The marathon is an event that produces heroes. This week, 29-year-old Hyvon Ngetich of Kenya is being celebrated for her heroic finish at the 2015 Austin Marathon. Ngetich was leading the women's race, dropping mile splits between 6:25 and 6:30 right up until mile 23.
But just after that, 2 1/2 hours into the arduous 26.2 mile race, her body gave out. Ngetich stopped, walked, and eventually crawled to the finish line of the Austin Marathon. Her body was done, but her spirit was not. She ended up finishing 3rd, with a time of 3:04:02. But that's not what people will remember.
People who witnessed Hyvon Ngetich finish the Austin Marathon will remember how uncomfortable they felt seeing a young woman crawling on bloody knees in front of thousands to reach the finish line. They will remember the wild look in her eyes and the spittle hanging from her mouth. They will never forget what true grit looks like.
Her effort to finish illustrates just how much prize money means to Kenyan runners. In a depressed economy, major marathon wins can boost the quality of life for whole communities. Unfortunately, Kenyan runners are left with as little as 15 percent of their earnings by the time taxes and fees are taken out.

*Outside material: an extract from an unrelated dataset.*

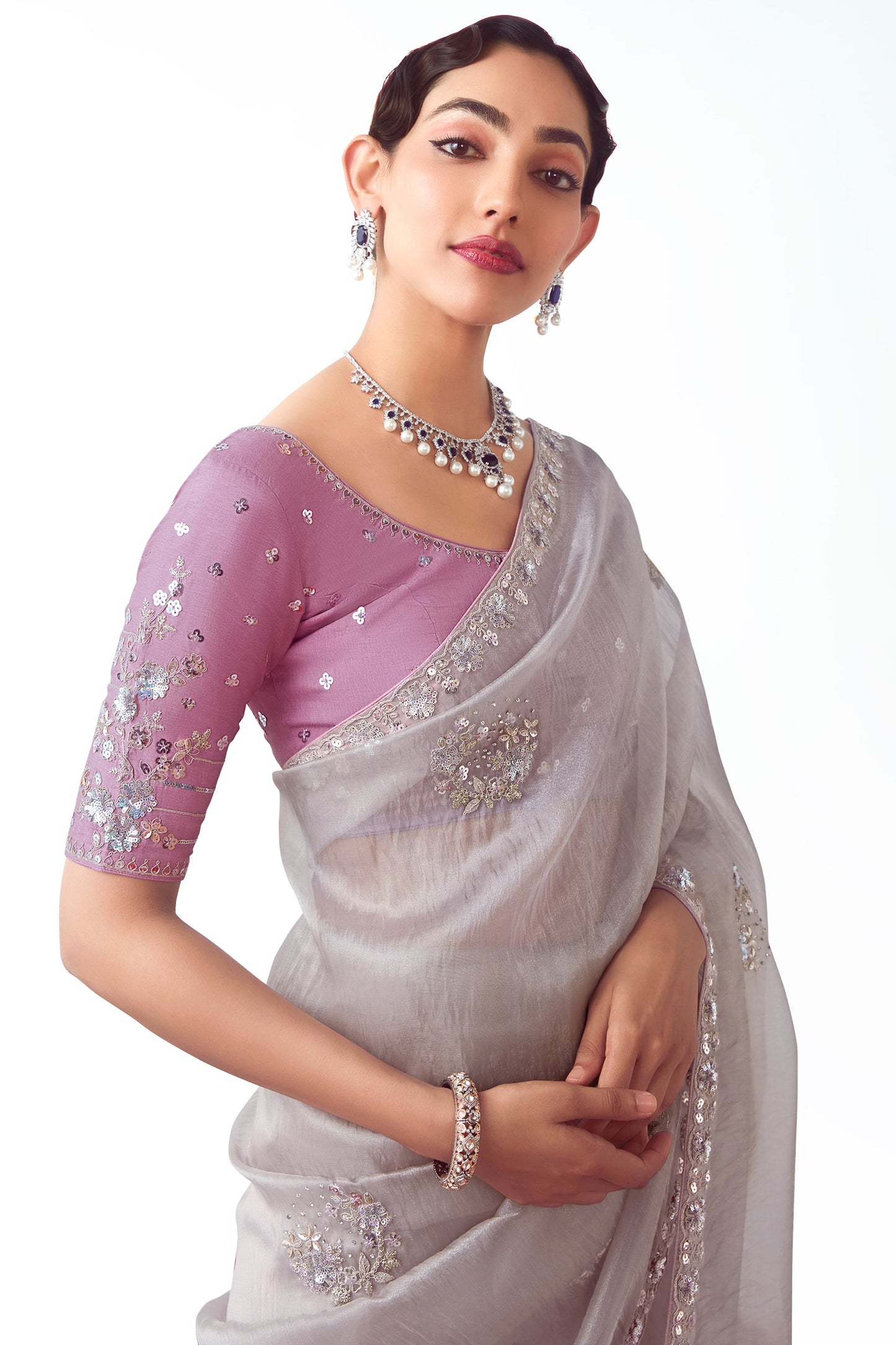 Grey Embroidered Organza Saree-ZB134774_4_SareeButa.com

But, please don't do what she did. It's a really bad idea to risk your life to finish a race. Doctors will tell you that you should listen to your body and stop running if you are dizzy, confused, have sudden chills on a hot day, feel an erratic heartbeat, or suffer severe cramping that prohibits normal movement.
Take a lesson from the example set by Bill Rodgers, 4-time winner of the NYC Marathon, and 4-time winner of the Boston Marathon. He stepped off the Boston Marathon course in 1973 and again in 1977 when he knew he was headed for trouble. Rodgers knew the risk of injury was simply too great and practiced self-preservation.
The dramatic finish of Hyvon Ngetich will inspire some people. But, her performance makes me nervous. Far from enviable, it's something runners train hard to avoid. Please stay safe and run smart.